CAPTRA: CAtegory-level Pose Tracking for Rigid and Articulated Objects from Point Clouds

Figure 1: Our method tracks 9DoF category-level poses (3D rotation, 3D translation, and 3D size) of novel rigid objects as well as parts in articulated objects from live point cloud streams. We demonstrate: (a) our method can reliably track rigid object poses from the challenging NOCS-REAL275 dataset; (b) our method can perfectly track articulated objects with big global and articulated motions from the SAPIEN datasets; (c) trained only on SAPIEN, our model can directly generalize to real laptops from BMVC dataset. In all cases, our method significantly outperforms the previous state-of-the-arts and baselines. Here we visualize the estimated 9DoF poses as 3D amodal bounding boxes: green boxes indicate in tracking whereas red boxes indicate off tracking.
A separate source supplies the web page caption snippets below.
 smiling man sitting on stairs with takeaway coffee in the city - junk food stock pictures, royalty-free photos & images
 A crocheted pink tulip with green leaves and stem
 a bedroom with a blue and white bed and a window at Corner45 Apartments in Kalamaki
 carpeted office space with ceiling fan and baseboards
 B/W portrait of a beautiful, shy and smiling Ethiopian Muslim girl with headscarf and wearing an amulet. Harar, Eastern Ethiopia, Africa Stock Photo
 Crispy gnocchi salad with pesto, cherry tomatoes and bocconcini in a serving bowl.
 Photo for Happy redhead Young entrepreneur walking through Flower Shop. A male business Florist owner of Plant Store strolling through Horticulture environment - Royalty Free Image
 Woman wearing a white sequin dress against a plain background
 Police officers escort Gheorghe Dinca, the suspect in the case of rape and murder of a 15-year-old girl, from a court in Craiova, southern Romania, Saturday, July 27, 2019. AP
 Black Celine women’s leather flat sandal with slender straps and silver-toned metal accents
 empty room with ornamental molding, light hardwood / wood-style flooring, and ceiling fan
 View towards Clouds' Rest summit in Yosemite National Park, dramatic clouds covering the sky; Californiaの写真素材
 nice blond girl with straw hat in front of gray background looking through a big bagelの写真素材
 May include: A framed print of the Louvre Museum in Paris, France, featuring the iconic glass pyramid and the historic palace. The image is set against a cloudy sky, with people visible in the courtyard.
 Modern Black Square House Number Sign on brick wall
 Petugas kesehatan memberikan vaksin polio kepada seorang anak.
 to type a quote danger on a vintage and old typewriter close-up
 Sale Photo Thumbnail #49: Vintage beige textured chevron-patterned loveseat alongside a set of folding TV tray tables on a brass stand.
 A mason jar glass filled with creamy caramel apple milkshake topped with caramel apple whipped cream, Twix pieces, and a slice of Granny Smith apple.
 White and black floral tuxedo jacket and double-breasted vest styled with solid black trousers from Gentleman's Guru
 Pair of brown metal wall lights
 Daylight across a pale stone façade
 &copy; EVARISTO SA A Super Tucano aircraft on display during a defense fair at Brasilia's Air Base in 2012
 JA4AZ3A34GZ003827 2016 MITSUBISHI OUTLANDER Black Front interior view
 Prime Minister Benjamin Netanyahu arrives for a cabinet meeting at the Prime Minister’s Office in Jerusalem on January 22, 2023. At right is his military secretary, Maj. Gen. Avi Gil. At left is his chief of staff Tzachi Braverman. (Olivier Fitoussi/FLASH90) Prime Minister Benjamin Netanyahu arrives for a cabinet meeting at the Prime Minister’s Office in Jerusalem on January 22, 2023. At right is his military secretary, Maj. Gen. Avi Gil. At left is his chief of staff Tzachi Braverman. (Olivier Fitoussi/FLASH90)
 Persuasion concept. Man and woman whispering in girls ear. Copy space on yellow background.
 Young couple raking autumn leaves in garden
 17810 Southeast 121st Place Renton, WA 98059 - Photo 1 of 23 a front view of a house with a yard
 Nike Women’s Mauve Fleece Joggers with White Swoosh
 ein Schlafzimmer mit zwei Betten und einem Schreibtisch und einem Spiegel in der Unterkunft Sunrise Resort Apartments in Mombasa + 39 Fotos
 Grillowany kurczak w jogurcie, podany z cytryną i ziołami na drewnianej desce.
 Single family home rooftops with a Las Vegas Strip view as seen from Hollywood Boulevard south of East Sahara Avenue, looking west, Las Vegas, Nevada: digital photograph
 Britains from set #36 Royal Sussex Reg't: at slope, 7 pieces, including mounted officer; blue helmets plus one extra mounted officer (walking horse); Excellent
    In this work, we tackle the problem of category-level online pose tracking of objects from point cloud sequences. For the first time, we propose a unified framework that can handle 9DoF pose tracking for novel rigid object instances as well as per-part pose tracking for articulated objects from known categories. Here the 9DoF pose, comprising 6D pose and 3D size, is equivalent to a 3D amodal bounding box representation with free 6D pose. Given the depth point cloud at the current frame and the estimated pose from the last frame, our novel end-to-end pipeline learns to accurately update the pose. Our pipeline is composed of three modules: 1) a pose canonicalization module that normalizes the pose of the input depth point cloud; 2) RotationNet, a module that directly regresses small interframe delta rotations; and 3) CoordinateNet, a module that predicts the normalized coordinates and segmentation, enabling analytical computation of the 3D size and translation. Leveraging the small pose regime in the pose-canonicalized point clouds, our method integrates the best of both worlds by combining dense coordinate prediction and direct rotation regression, thus yielding an end-to-end differentiable pipeline optimized for 9DoF pose accuracy (without using non-differentiable RANSAC). Our extensive experiments demonstrate that our method achieves new state-of-the-art performance on category-level rigid object pose (NOCS-REAL275) and articulated object pose benchmarks (SAPIEN, BMVC) at the fastest FPS ~12.

Method Overview

Figure 2: Our end-to-end differentiable pose tracking pipeline takes as inputs a depth point cloud of an M-part object along with its per-part scales, rotations, and translations estimated from the last frame. We first adopt per-part pose canonicalization to transform the depth points using the inverse estimated pose and generate M pose canonicalized point clouds. The canonicalized point clouds will be fed into RotationNet for per-part rotation estimation, as well as CoordinateNet for part segmentation and normalized coordinate predictions, which are used to compute the updated scales and translations. When RGB images are available, segmentation can be replaced by the results from the off-the-shelf image detectors for better accuracy. Such a pipeline can be naturally adapted to rigid objects when M=1.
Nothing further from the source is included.